Input data:

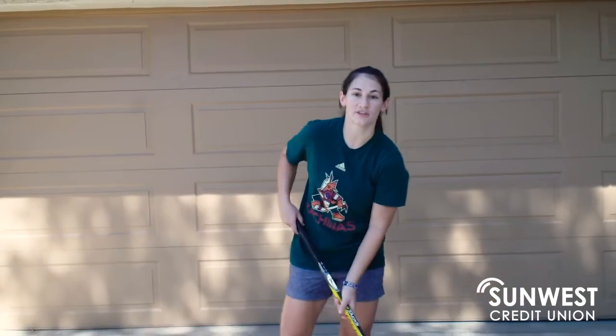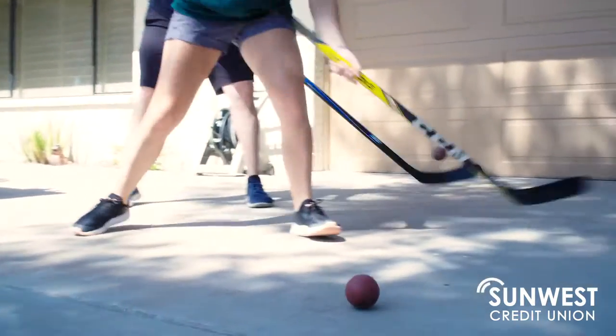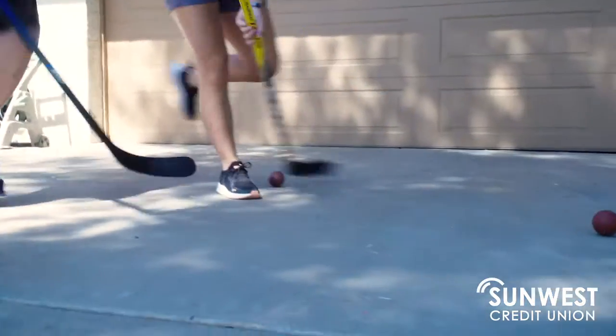We're gonna play a game called knockout. For this game you're gonna need at least one other player with their own stick and ball. What you're gonna try and do is protect your ball, keeping it away from your partner, while trying to hit the ball away from their stick.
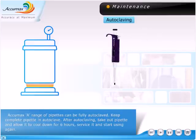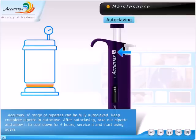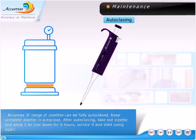AccuMax A range of pipettes can be fully autoclaved. Keep the complete pipette in the autoclave. After autoclaving, take out the pipette and allow it to cool down for 6 hours, then service it and start using again.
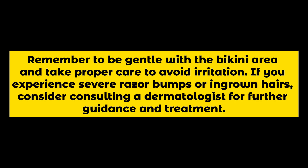Remember to be gentle with the bikini area and take proper care to avoid irritation. If you experience severe razor bumps or ingrown hairs, consider consulting a dermatologist for further guidance and treatment.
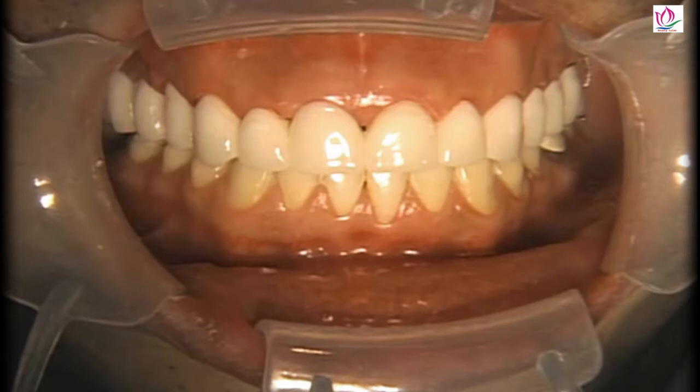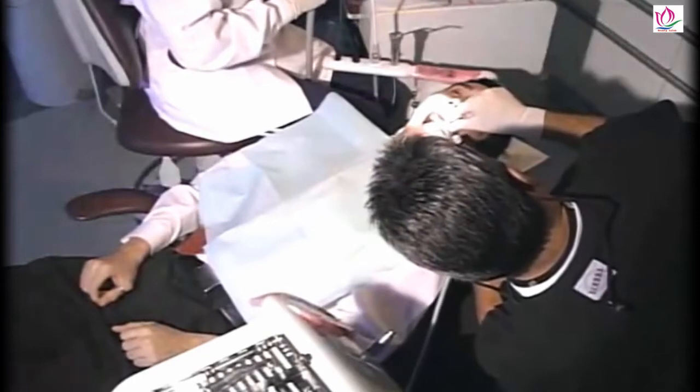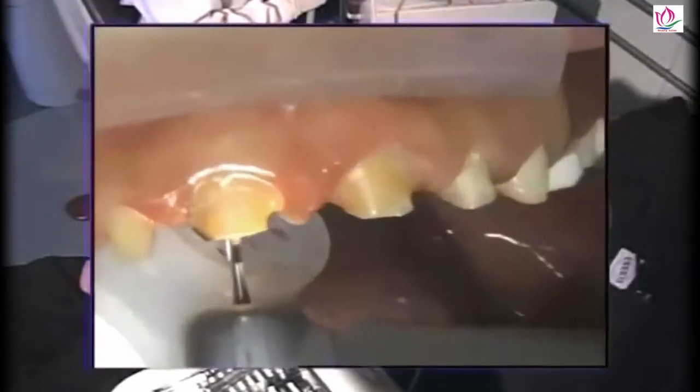There's a nice look at the biotemps when we're all finished and trimmed. Again, we want to leave the gingival embrasures open whenever possible to promote healing of the gingival tissues and to make sure that we don't cause any recession from having gingival embrasures that are too closed.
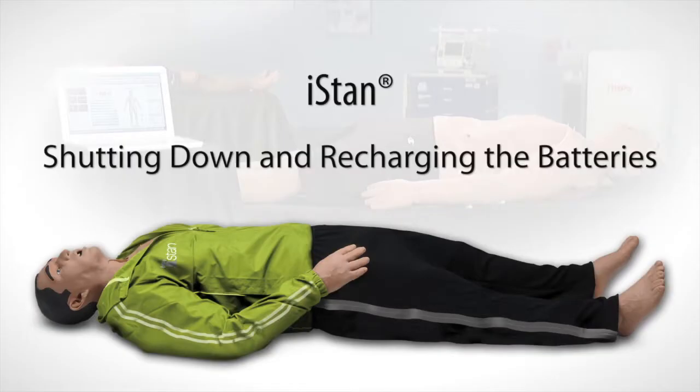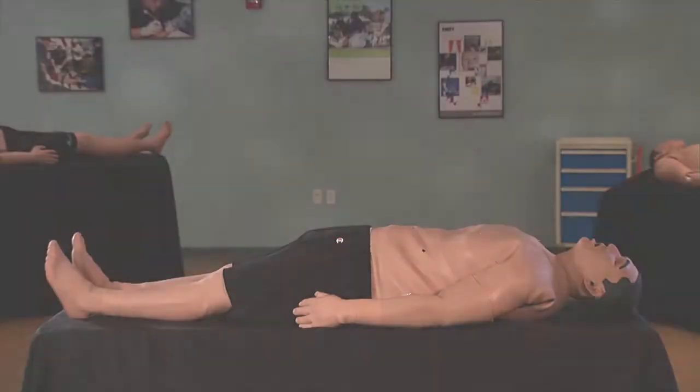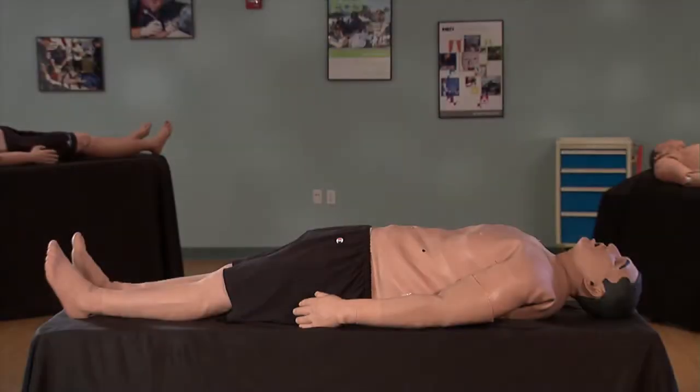This video shows you how to shut down the iStand simulator and recharge the batteries. To ensure that iStand remains in good working condition, follow the prescribed CAE Healthcare breakdown procedures as described in the iStand User Guide and as demonstrated in this video. Breakdowns should take about 30 minutes or less.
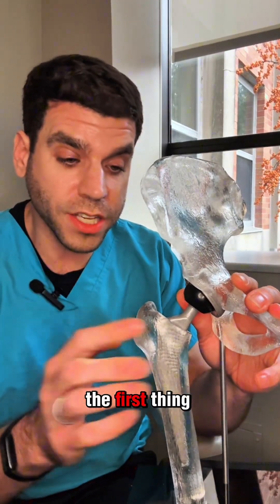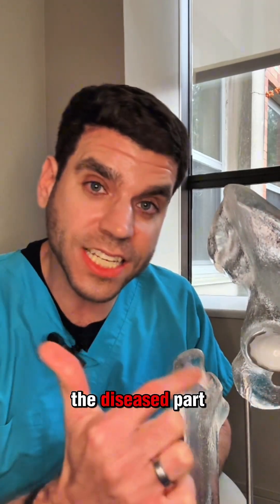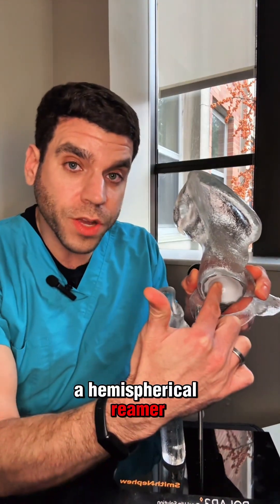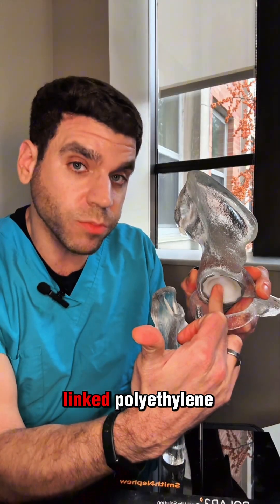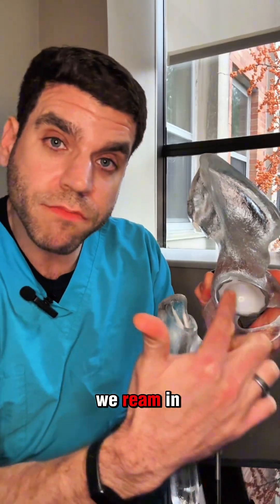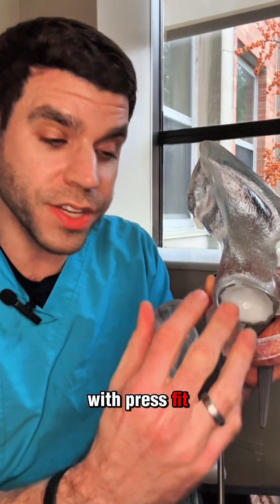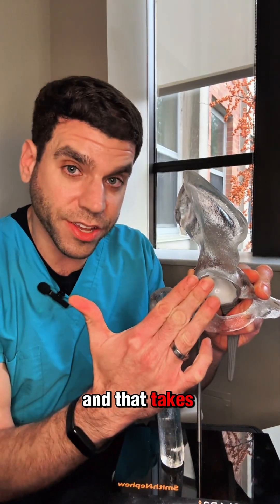When we go in and do a hip replacement, the first thing we do is cut out the neck and the head of the femur — the diseased part of the bone — and that allows us to expose the socket. We then ream it out using a hemispherical reamer, and put in a titanium cup and a plastic insert made out of highly cross-linked polyethylene. The hole we ream in the pelvis is slightly smaller than the socket itself, so it's jammed in with press fit, and it has a porous surface on the back for the bone to grow into it.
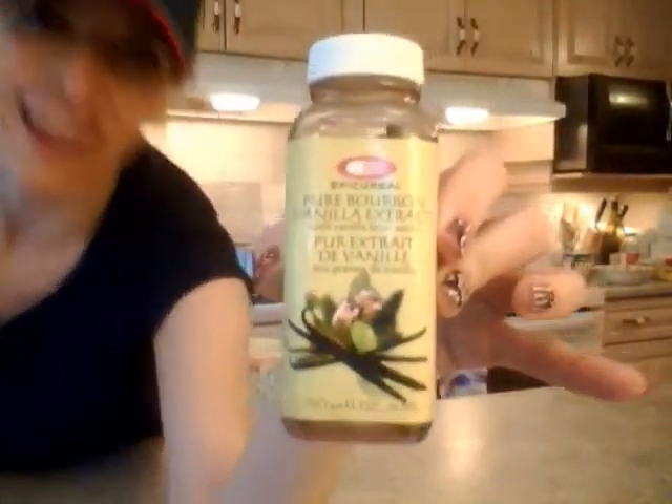Hi everybody, I'm Kimberly Edwards from cookingwithkimberly.com and this is what I say about food — in fact, this is what I say about Epicurial Pure Bourbon Vanilla Extract. It has vanilla bean seeds in it — very cool, look at it. That's what it looks like, and I'm excited about this stuff because vanilla is just awesome.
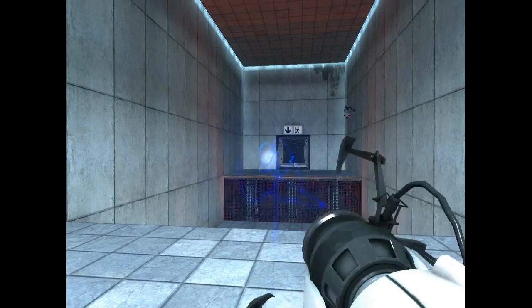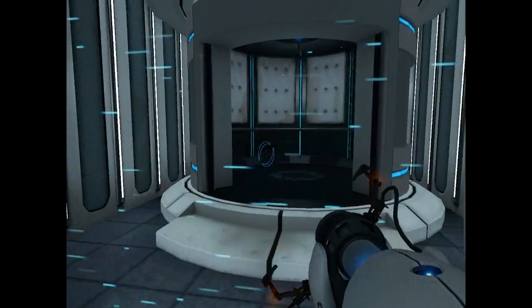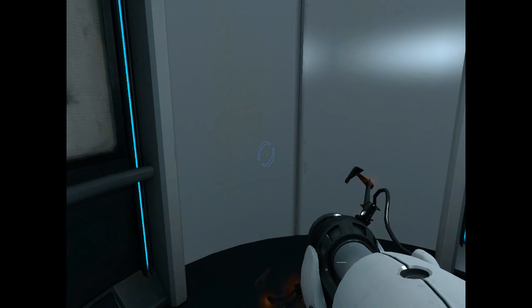Please proceed to the chamber lock. Mind the gap. Well done. Remember, the Aperture Science bring your daughter to work day is the perfect time to...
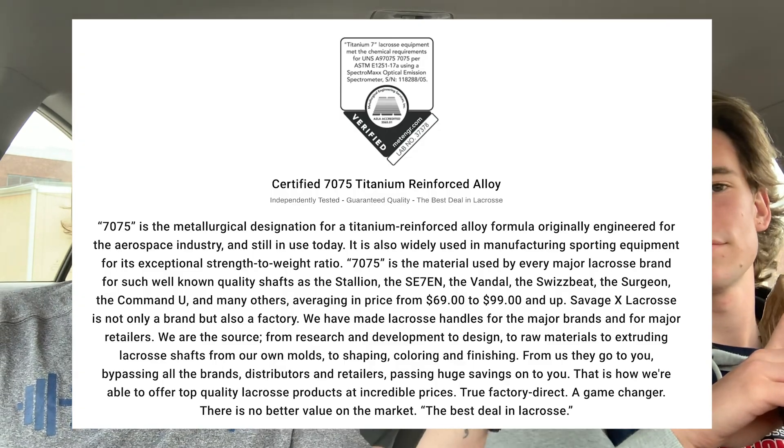These shafts right here are tested — they're just as strong as the STX Surgeon shafts. Here are the statistics: they got them tested at a lab that does tests for aerospace stuff, like SpaceX and NASA. So it's legit. And they came in some sick colorways, which we're about to show you right now.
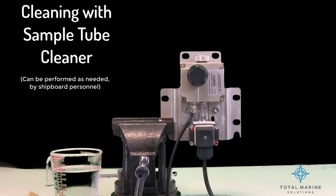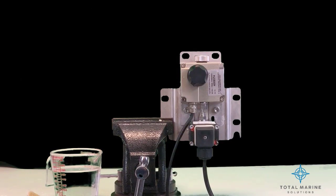Cleaning with sample tube cleaner. For intensive cleaning, use the sample tube cleaner from the service kit.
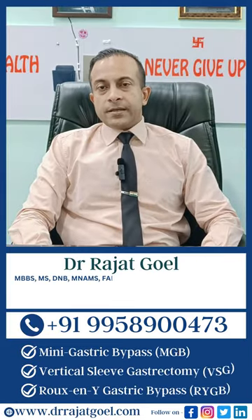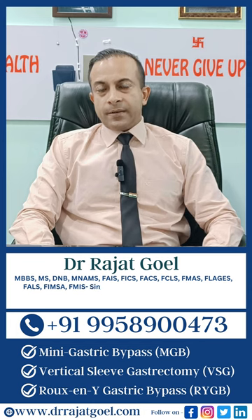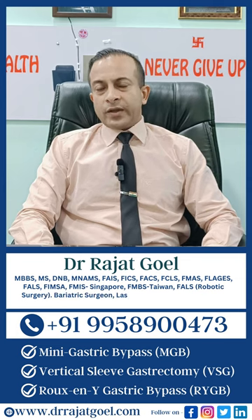How long bariatric surgery takes. When we start, the anesthesiologist takes 15 to 30 minutes for the anesthesia. Then generally the procedures take between 30 minutes to one and a half hours, depending on whether we are doing a sleeve or whether we are doing a bypass.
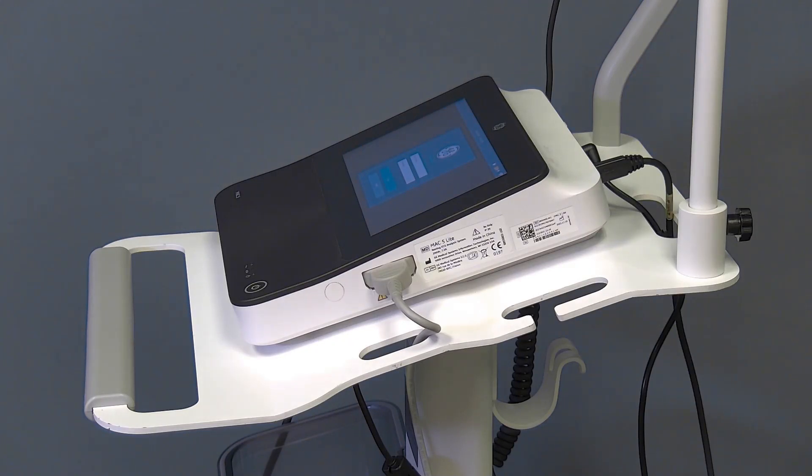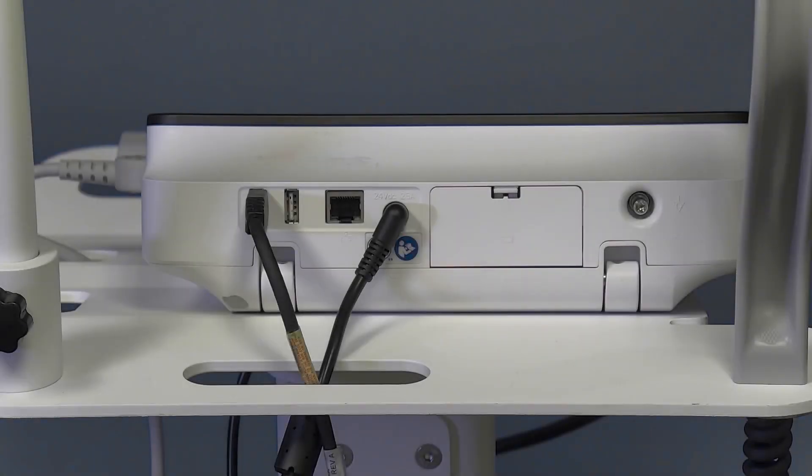Let's take a quick look at the external features of the device. The patient ECG cable is located on the right-hand side of the device, while the posterior of the device provides access to the two USB ports, the Ethernet port, the DC power inlet, battery door, and equal potential grounding plug. The left side of the device provides access to the printer door on the standard MAC-5 model. The MAC-5 Lite does not support printing.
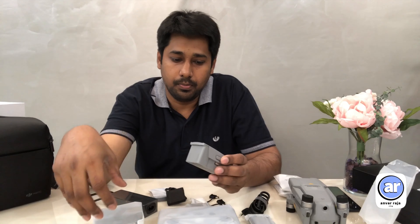Propellers — the drone includes spare propellers. You can use them in case of a crash. That's why extra propellers are included. Now let's look at the DJI Mavic Air 2 drone itself.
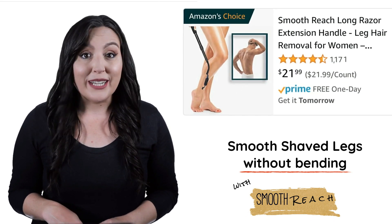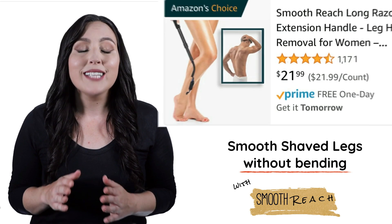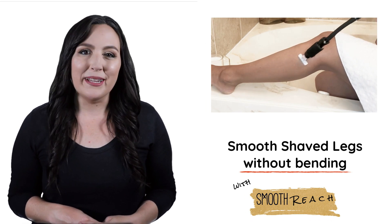It's the Smoothreach Razor Extender. It's become Amazon's choice and our customers love it. It's compatible with all disposable razors — easily strap your razor in and shave with minimal bending.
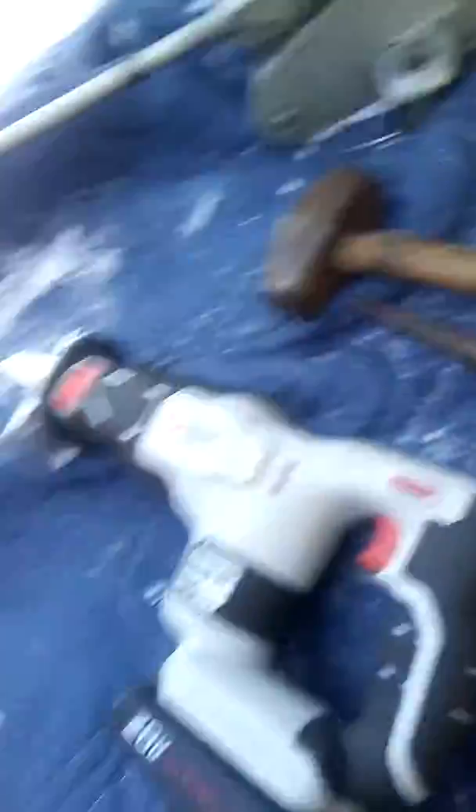This bolt right here will not come out unless you take off the motor mount, or you do it the way I'm going to show you. I took the sawzall and cut a V right here — just enough to get that bolt out.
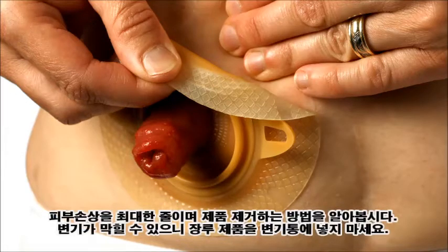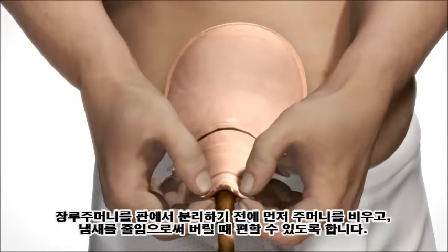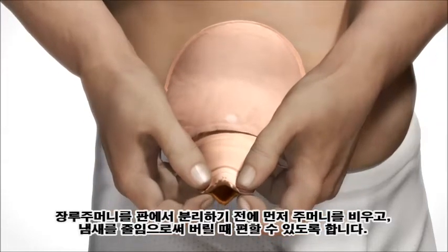Let's have a look at how to remove your ostomy appliance in the most appropriate way in order to protect your skin. Always remember not to flush any ostomy appliances in the toilet as they might block the sewer system. Before removing the bag, you should empty it to ease removal and reduce bad smells and soiling from the bag when being disposed of.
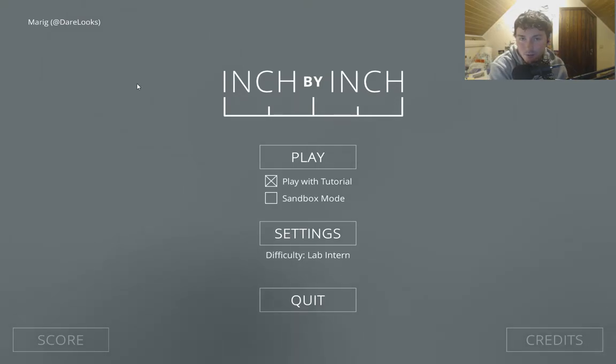What's up everybody! My name is Thibomango and welcome to Inch by Inch. Inch by Inch is a game where you are a lab scientist and in the laboratory an accident happens. The consequences are that you're shrinking and you have to do everything to stop that. So let's play the game.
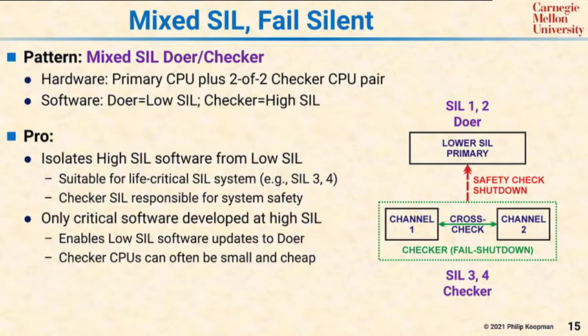The second pro is that only the critical software in the checker needs to be developed at high SIL. So in a system that can have simple safety rules, the checker might be a small CPU with not much software in it, and the doer might be a huge CPU with lots and lots of software.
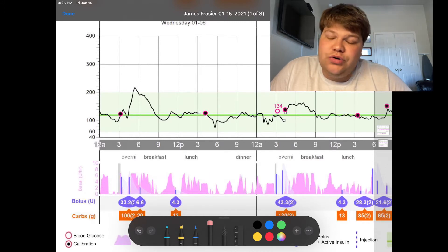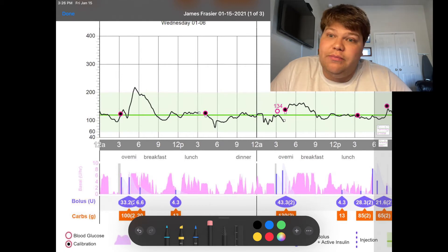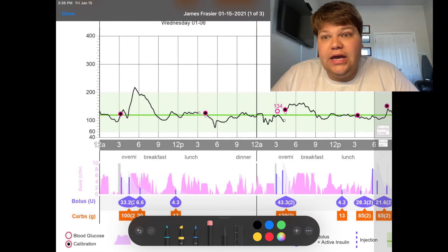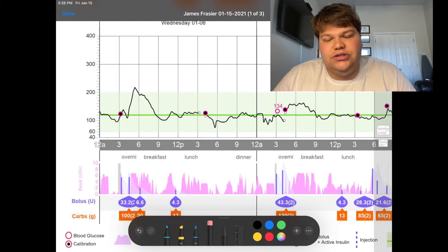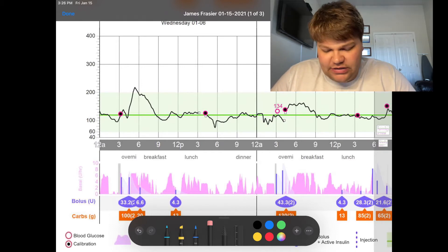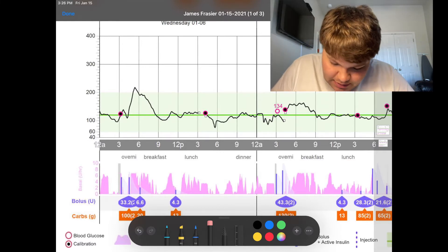My blood sugar — you can see my finger stick — when I'm getting up and getting dressed, my sugar's on the rise. That's because I'm disconnecting my pump before 3 a.m. to take my shower and start getting ready for work. That's the first little rise. But once I switch my pump back on, there's a little spike in auto mode — you guys will be able to see it.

Your assignment:
What is needed is an exact copy of the data, without any pictures.

Solution for this exercise:
We're gonna play a game called knockout. For this game you're gonna need at least one other player with their own stick and ball. What you're gonna try and do is protect your ball, keeping it away from your partner, while trying to hit the ball away from their stick.
AccuMax A range of pipettes can be fully autoclaved. Keep the complete pipette in the autoclave. After autoclaving, take out the pipette and allow it to cool down for 6 hours, then service it and start using again.
Remember to be gentle with the bikini area and take proper care to avoid irritation. If you experience severe razor bumps or ingrown hairs, consider consulting a dermatologist for further guidance and treatment.
There's a nice look at the biotemps when we're all finished and trimmed. Again, we want to leave the gingival embrasures open whenever possible to promote healing of the gingival tissues and to make sure that we don't cause any recession from having gingival embrasures that are too closed.
This video shows you how to shut down the iStand simulator and recharge the batteries. To ensure that iStand remains in good working condition, follow the prescribed CAE Healthcare breakdown procedures as described in the iStand User Guide and as demonstrated in this video. Breakdowns should take about 30 minutes or less.
When we go in and do a hip replacement, the first thing we do is cut out the neck and the head of the femur — the diseased part of the bone — and that allows us to expose the socket. We then ream it out using a hemispherical reamer, and put in a titanium cup and a plastic insert made out of highly cross-linked polyethylene. The hole we ream in the pelvis is slightly smaller than the socket itself, so it's jammed in with press fit, and it has a porous surface on the back for the bone to grow into it.
Hi everybody, I'm Kimberly Edwards from cookingwithkimberly.com and this is what I say about food — in fact, this is what I say about Epicurial Pure Bourbon Vanilla Extract. It has vanilla bean seeds in it — very cool, look at it. That's what it looks like, and I'm excited about this stuff because vanilla is just awesome.
Please proceed to the chamber lock. Mind the gap. Well done. Remember, the Aperture Science bring your daughter to work day is the perfect time to...
These shafts right here are tested — they're just as strong as the STX Surgeon shafts. Here are the statistics: they got them tested at a lab that does tests for aerospace stuff, like SpaceX and NASA. So it's legit. And they came in some sick colorways, which we're about to show you right now.
Cleaning with sample tube cleaner. For intensive cleaning, use the sample tube cleaner from the service kit.
How long bariatric surgery takes. When we start, the anesthesiologist takes 15 to 30 minutes for the anesthesia. Then generally the procedures take between 30 minutes to one and a half hours, depending on whether we are doing a sleeve or whether we are doing a bypass.
Let's take a quick look at the external features of the device. The patient ECG cable is located on the right-hand side of the device, while the posterior of the device provides access to the two USB ports, the Ethernet port, the DC power inlet, battery door, and equal potential grounding plug. The left side of the device provides access to the printer door on the standard MAC-5 model. The MAC-5 Lite does not support printing.
Propellers — the drone includes spare propellers. You can use them in case of a crash. That's why extra propellers are included. Now let's look at the DJI Mavic Air 2 drone itself.
It's the Smoothreach Razor Extender. It's become Amazon's choice and our customers love it. It's compatible with all disposable razors — easily strap your razor in and shave with minimal bending.
This bolt right here will not come out unless you take off the motor mount, or you do it the way I'm going to show you. I took the sawzall and cut a V right here — just enough to get that bolt out.
Let's have a look at how to remove your ostomy appliance in the most appropriate way in order to protect your skin. Always remember not to flush any ostomy appliances in the toilet as they might block the sewer system. Before removing the bag, you should empty it to ease removal and reduce bad smells and soiling from the bag when being disposed of.
What's up everybody! My name is Thibomango and welcome to Inch by Inch. Inch by Inch is a game where you are a lab scientist and in the laboratory an accident happens. The consequences are that you're shrinking and you have to do everything to stop that. So let's play the game.
The second pro is that only the critical software in the checker needs to be developed at high SIL. So in a system that can have simple safety rules, the checker might be a small CPU with not much software in it, and the doer might be a huge CPU with lots and lots of software.
My blood sugar — you can see my finger stick — when I'm getting up and getting dressed, my sugar's on the rise. That's because I'm disconnecting my pump before 3 a.m. to take my shower and start getting ready for work. That's the first little rise. But once I switch my pump back on, there's a little spike in auto mode — you guys will be able to see it.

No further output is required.